The Clerk of Court is respectfully requested to close this case.

NOTES

[1] Plaintiff has been involved in numerous state court proceedings, including, without limitation, the following: On or about August 27, 1997, Plaintiff brought an order to show cause before the Housing Court to enforce compliance with the Stipulation. Report at 5. In October 1997, Plaintiff brought an action in New York State Supreme Court against Defendants Hudson, LeFrak, Cherson, RHCR, and Lynch, alleging fraudulent conduct regarding the Stipulation and seeking the return of her furniture. Report at 5-6. On April 24, 2001, the Appellate Division, First Department, affirmed Justice Abdus-Salaam's dismissal orders. Gurvey v. Lynch, 282 A.D.2d 367, 723 N.Y.S.2d 652 (N.Y.App.Div. 2001); Report at 7. In June 1998, Plaintiff moved in New York City Civil Court to vacate the Stipulation. Report at 5-6. Judge Shulman's order denying Plaintiff's motion was affirmed by the Supreme Court, Appellate Term on March 28, 2002. Hudson Tower Hous.

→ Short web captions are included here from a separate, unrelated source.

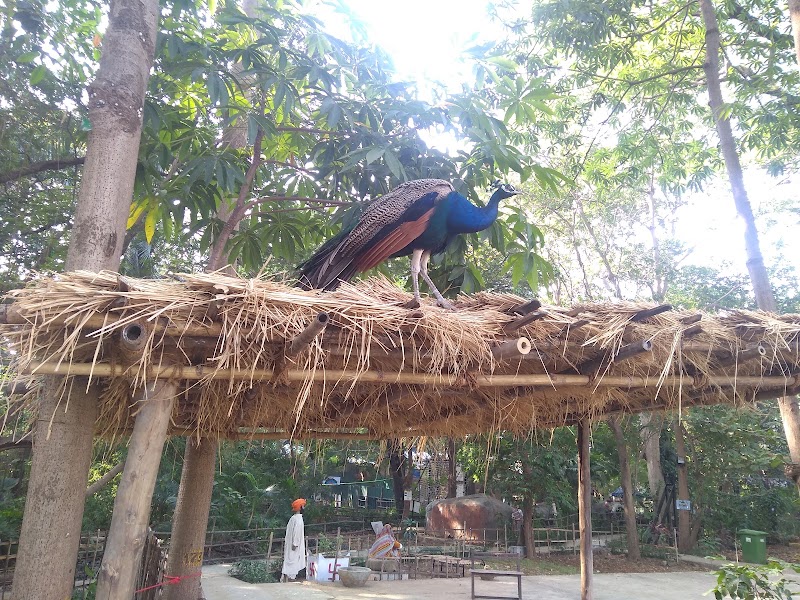 Bhavan's Nature And Adventure Centre - Bhavan's Nature And Adventure Centre Bhavan’s Campus, New Dadabhai Rd, Old D N Nagar, Munshi Nagar, Andheri West, Mumbai, Maharashtra 400058, India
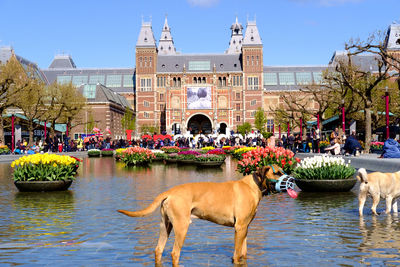 A dog playing in the water in front of rijks museum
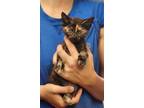 Adopt Willow a All Black Domestic Shorthair / Domestic Shorthair / Mixed cat in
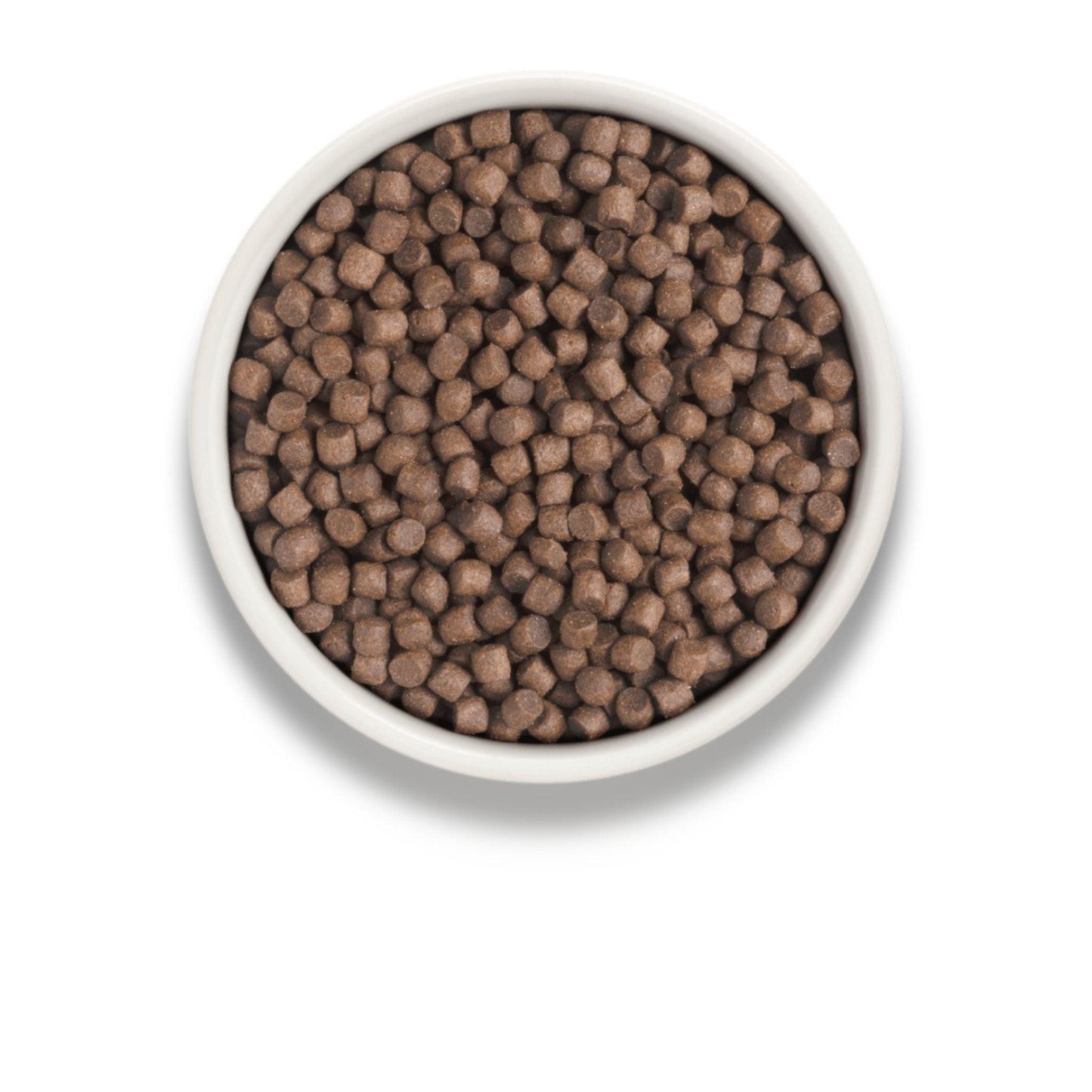 GRANDORF Turkey Mini Grandorf Turkey Mini for adult small breed dogs 3 kg hypoallergenic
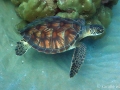 Keiki (young) Green Sea Turtle with Keiki Remoras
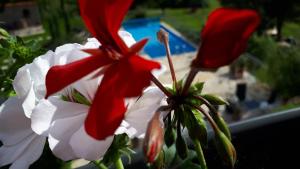 Bazén v ubytování Pension am Weinberg Bed & Breakfast nebo v jeho okolí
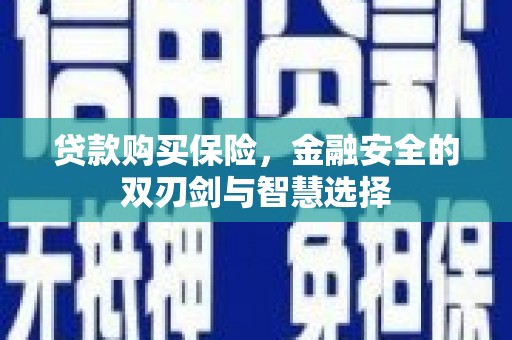 阜平贷款购买保险，金融安全的双刃剑与智慧选择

Co., Inc. v. Weissbrod, Nos. 02-216 & 02-017, 2002 WL 538468 (N.Y.App.Div.2002); Report at 7. In August 2000, Plaintiff filed another motion to vacate the Stipulation. In her order denying Plaintiff's motion, Defendant Judge Lau scheduled a sanctions hearing against Plaintiff and her attorney. Stuart Dankberg. Report at 8. On February 10, 2003, following a hearing, Judge Schneider assessed sanctions against both Plaintiff and Mr. Dankberg. Report at 9. On January 15, 2002, Plaintiff filed a motion in State Supreme Court seeking leave to reassert claims against Cherson and RHCR; this motion was denied by Justice Harold Tompkins on April 17, 2002, who also dismissed claims against Lunch and directed the imposition of sanctions against Plaintiff. Report at 8-9.

[2] On August 13, 2003, Magistrate Judge Maas issued an amendment to his Report ("Amendment"), determining that there was no basis to Plaintiff's claim that Article 6, Section 22 of the New York State Constitution "denies equal protection to Housing Court litigants because housing court judges are not considered part of the `unified court system.'" Amendment at 1.

[3] As to any portions of the Report to which no objections have been made, the Court concludes that the Report is not clearly erroneous. See Pizarro, 776 F. Supp. at 817. Any Objections that are not specifically discussed in this Order have been considered and rejected.